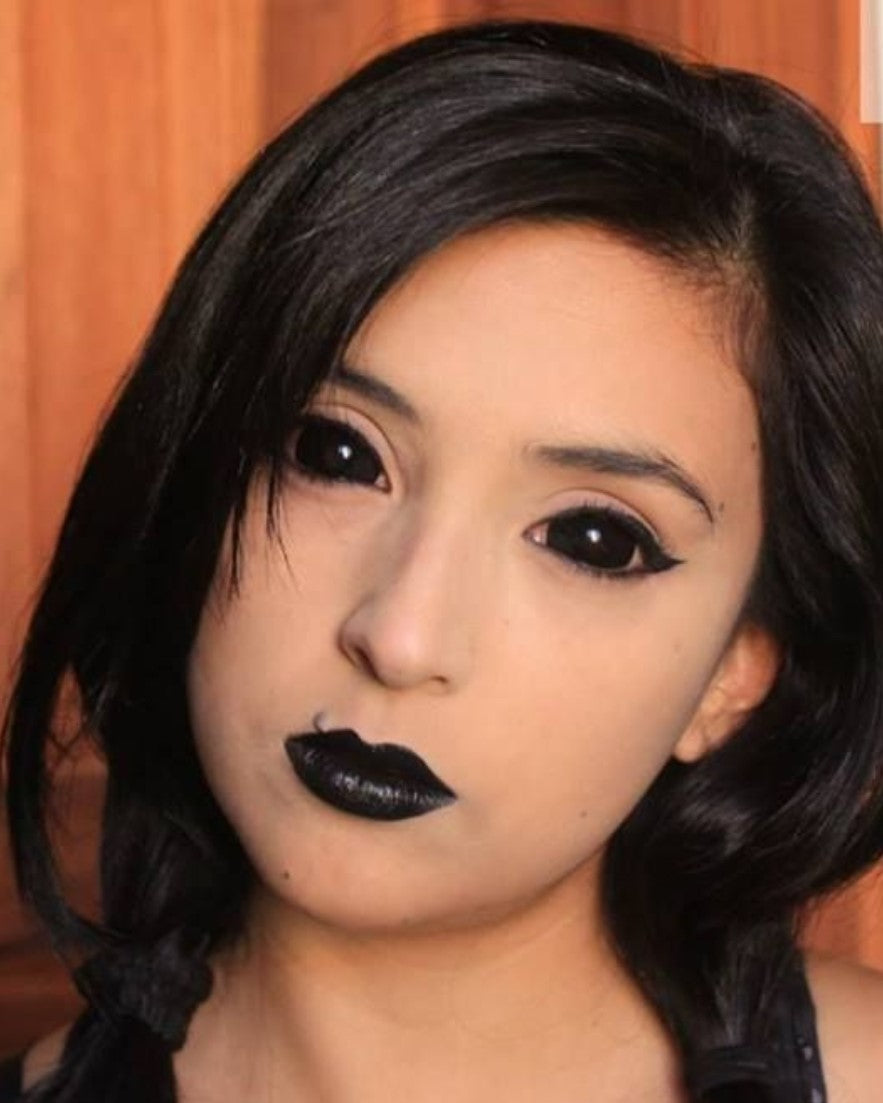 BLACK SCLERA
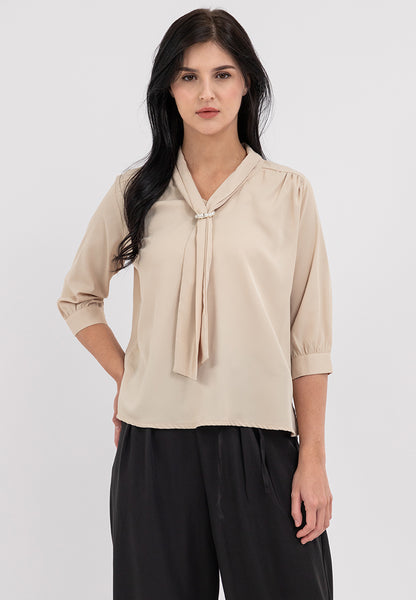 Krizia Quarter Sleeve V-neck Slip-in Tie with Decorative Pearl Blouse Top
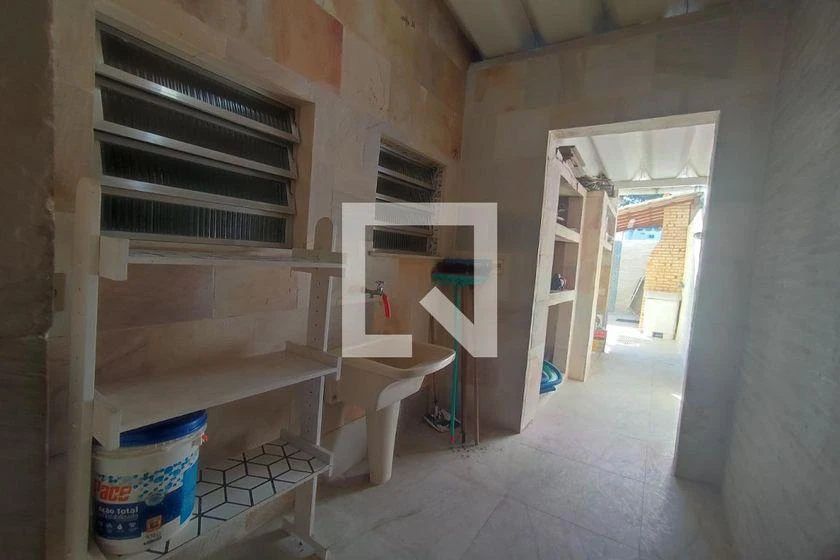 600 m² house with 5 bedrooms and balcony barbecue — photo 48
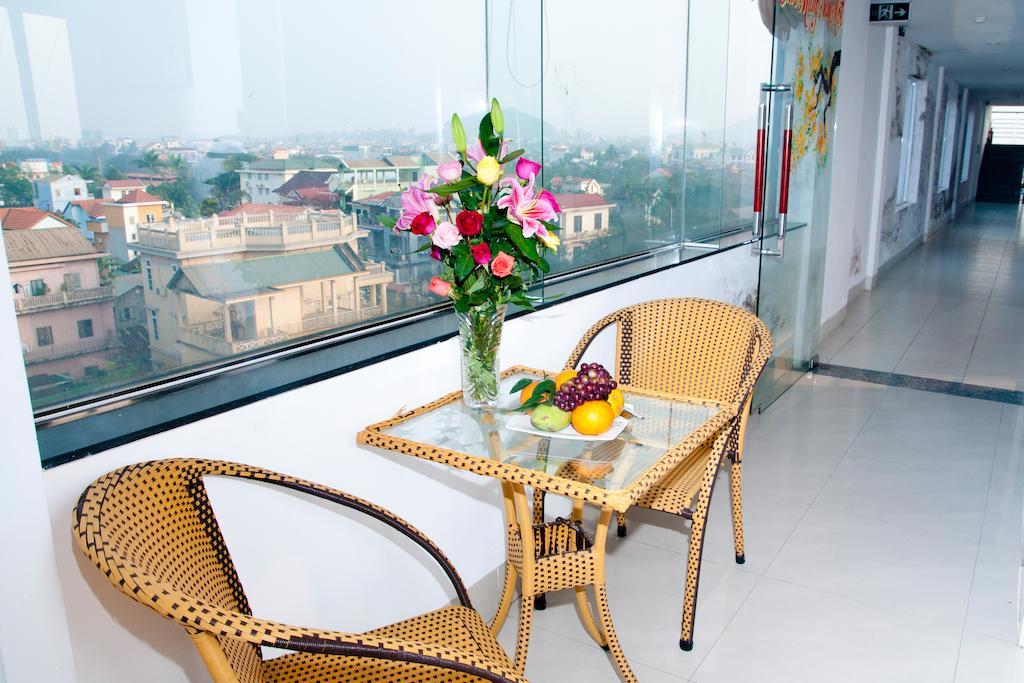 Golden Lotus Hotel Hue Luaran gambar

• **Task item**
Repeat the listing above verbatim, but exclude the pictures it contains.

• **Reply**
 BLACK SCLERA
 Krizia Quarter Sleeve V-neck Slip-in Tie with Decorative Pearl Blouse Top
 600 m² house with 5 bedrooms and balcony barbecue — photo 48
 Golden Lotus Hotel Hue Luaran gambar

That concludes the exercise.